Taking all of these differences together, I feel that the evidence definitely does support the split of berlepschi at the species level. The range gap obviates any question of intergradation, but the differences between berlepschi and adjacent forms of kingi equal or exceed those between coelestis and kingii, whose local sympatry and species status seems proven. Whether or not one accepts the evolutionary-biographic scenario of Schuchmann & Duffner, the other differences strongly favor the split, if only to maintain consistency in the species-level taxonomy of the group. I therefore recommend a YES vote on this proposal.

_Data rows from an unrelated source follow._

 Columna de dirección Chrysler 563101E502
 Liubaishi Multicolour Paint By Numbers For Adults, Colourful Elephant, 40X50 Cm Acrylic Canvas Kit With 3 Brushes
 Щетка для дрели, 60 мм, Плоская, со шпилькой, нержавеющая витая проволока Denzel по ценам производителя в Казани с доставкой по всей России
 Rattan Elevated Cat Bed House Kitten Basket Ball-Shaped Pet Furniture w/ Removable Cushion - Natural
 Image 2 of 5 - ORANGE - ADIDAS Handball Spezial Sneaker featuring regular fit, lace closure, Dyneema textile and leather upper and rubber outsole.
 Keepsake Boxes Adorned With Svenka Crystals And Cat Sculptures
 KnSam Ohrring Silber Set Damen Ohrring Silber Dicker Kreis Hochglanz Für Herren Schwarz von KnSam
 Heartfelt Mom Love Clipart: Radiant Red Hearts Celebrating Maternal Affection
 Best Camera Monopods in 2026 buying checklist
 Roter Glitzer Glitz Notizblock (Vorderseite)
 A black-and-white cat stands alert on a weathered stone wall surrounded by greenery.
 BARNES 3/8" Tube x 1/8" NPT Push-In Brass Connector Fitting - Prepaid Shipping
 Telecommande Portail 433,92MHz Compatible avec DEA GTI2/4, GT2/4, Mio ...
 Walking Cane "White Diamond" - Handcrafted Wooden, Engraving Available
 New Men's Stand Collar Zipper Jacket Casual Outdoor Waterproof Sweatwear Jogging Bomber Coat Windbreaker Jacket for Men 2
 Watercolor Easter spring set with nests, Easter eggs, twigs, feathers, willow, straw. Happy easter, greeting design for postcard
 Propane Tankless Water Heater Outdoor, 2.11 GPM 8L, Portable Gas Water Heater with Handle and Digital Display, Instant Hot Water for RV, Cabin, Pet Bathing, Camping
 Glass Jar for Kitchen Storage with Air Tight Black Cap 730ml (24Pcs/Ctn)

Hartert 1922. Novitates Zool. 29:411.
Berlioz 1940. L'Oiseaux 10: 221-231.
Meyer de Schauensee 1966
Hilty & Brown 1986.
Sibley & Monroe 1990.
Schuchmann, K-L. & K. Duffner. 1993. Mitt. Zool. Mus. Berlin 69 Suppl.: Ann. Orn. 17:75-92.
Schuchmann 1999: HBW vol 5.
Hilty 2002, Guide to the birds of Venezuela.
ZIMMER, J. 1952a. Studies of Peruvian birds, No. 62. The hummingbird genera Patagona, Sappho, Polyonymus, Ramphomicron, Metallura, Chalcostigma, Taphrolesbia and Aglaiocercus. American Museum Novitates 1595: 1-29.
Gary Stiles, December 2004
Comments from Remsen: "YES. If A. kingi and A. coelestis are syntopic, then their degree of difference can be applied as a standard by which to rank allopatric taxa."
Comments from Pacheco: "YES. O tratamento em duas espécies encontra suporte nos dados agora disponíveis."
Comments from Jaramillo: "YES. The data sound good. I assume we are going with Venezuelan Sylph as an English name? Or does this require a second proposal pending the outcome of this one?"
Comments from Nores: "SI. La gran diferencia de color en la hembra y algunas diferencias en el macho parecen ser suficientes para considerarlas especie diferentes."
NOTA: pienso que, en todas las propuestas sobre colibríes, excepto la 144, las características de coloración y distribución geográfica corresponden mejor a subespecies que a especies. Aunque tampoco nosotros tenemos fundamento de peso para afirmar esto, considero que sería importante no tener en cuenta los cambios introducidos en el HBW hasta tanto haya estudios genéticos, de vocalizaciones u otros que justifiquen la separación de las especies."